Algirdas Linkevičius

Personal information
- Born: 12 October 1950 (age 74) Tomsk, Russian SFSR, Soviet Union

= Algirdas Linkevičius =

Lithuanian basketball player and coach

Algirdas Linkevičius (born 12 October 1950) is a retired Lithuanian basketball player, coach, most notable for his playing career in Žalgiris from 1969 to 1982.

==Early life==
Linkevičius was Biržai Sports School pupil. His first coach was Vladas Garastas.

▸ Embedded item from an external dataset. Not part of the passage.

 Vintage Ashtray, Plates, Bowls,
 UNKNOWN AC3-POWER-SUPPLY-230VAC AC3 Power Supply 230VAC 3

Onwards, he graduated the Lithuanian Sports University (LVKKI) in 1973. From 2001 to 2010 he worked as a Kaunas District Sports School basketball coach.

==Professional career==
Linkevičius began his professional sports career in Žalgiris basketball team and played for it from 1969 to 1982. He also represented Kaunas Drobės squad multiple times from 1974 to 1987. Though, his biggest achievements were reached with Žalgiris with which he won the Lithuanian basketball league seven times (1974, 1976, 1978–80, 1986, 1987), USSR tournament silver (1980) and USSR bronze three times (1971, 1973, 1978).

==National team career==
He played 67 games for the Lithuania SSR men's national team and scored 741 points. He also was the Soviet Union national team member in 1972. Though, he was unable to be a part of it more because he was born in Siberia where his both parents were deported.